What this task involves: Could you output, exactly and with nothing else, every line from the one that contains "Sleeveless BeFit Yoga" through the last line of the listing below?

Records for this task:
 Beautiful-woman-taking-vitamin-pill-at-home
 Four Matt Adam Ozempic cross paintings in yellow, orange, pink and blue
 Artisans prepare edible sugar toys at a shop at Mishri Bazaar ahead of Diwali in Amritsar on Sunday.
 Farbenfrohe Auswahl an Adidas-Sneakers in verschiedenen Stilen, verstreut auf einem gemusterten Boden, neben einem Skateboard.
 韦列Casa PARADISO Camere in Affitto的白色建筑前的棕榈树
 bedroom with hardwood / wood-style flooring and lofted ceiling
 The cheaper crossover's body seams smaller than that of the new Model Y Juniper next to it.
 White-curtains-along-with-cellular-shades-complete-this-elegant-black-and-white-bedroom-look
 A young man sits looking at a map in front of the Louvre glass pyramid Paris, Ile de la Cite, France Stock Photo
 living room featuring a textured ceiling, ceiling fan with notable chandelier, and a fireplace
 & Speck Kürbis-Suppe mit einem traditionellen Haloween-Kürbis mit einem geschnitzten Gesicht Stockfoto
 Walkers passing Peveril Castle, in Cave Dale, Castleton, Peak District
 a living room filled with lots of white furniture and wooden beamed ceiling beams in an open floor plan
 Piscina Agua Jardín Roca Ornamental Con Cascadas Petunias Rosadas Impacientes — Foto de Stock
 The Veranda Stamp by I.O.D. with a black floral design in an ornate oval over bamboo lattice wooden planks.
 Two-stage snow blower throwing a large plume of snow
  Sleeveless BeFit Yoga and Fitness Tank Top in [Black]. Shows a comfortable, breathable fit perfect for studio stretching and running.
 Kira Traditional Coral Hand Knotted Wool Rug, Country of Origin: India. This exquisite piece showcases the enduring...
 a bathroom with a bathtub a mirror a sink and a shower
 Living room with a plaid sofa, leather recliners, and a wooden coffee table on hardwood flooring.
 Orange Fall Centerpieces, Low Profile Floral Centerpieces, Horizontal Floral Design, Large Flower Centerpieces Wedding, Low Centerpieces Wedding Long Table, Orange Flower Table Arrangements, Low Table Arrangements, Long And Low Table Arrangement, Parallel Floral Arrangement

Result for this task:
  Sleeveless BeFit Yoga and Fitness Tank Top in [Black]. Shows a comfortable, breathable fit perfect for studio stretching and running.
 Kira Traditional Coral Hand Knotted Wool Rug, Country of Origin: India. This exquisite piece showcases the enduring...
 a bathroom with a bathtub a mirror a sink and a shower
 Living room with a plaid sofa, leather recliners, and a wooden coffee table on hardwood flooring.
 Orange Fall Centerpieces, Low Profile Floral Centerpieces, Horizontal Floral Design, Large Flower Centerpieces Wedding, Low Centerpieces Wedding Long Table, Orange Flower Table Arrangements, Low Table Arrangements, Long And Low Table Arrangement, Parallel Floral Arrangement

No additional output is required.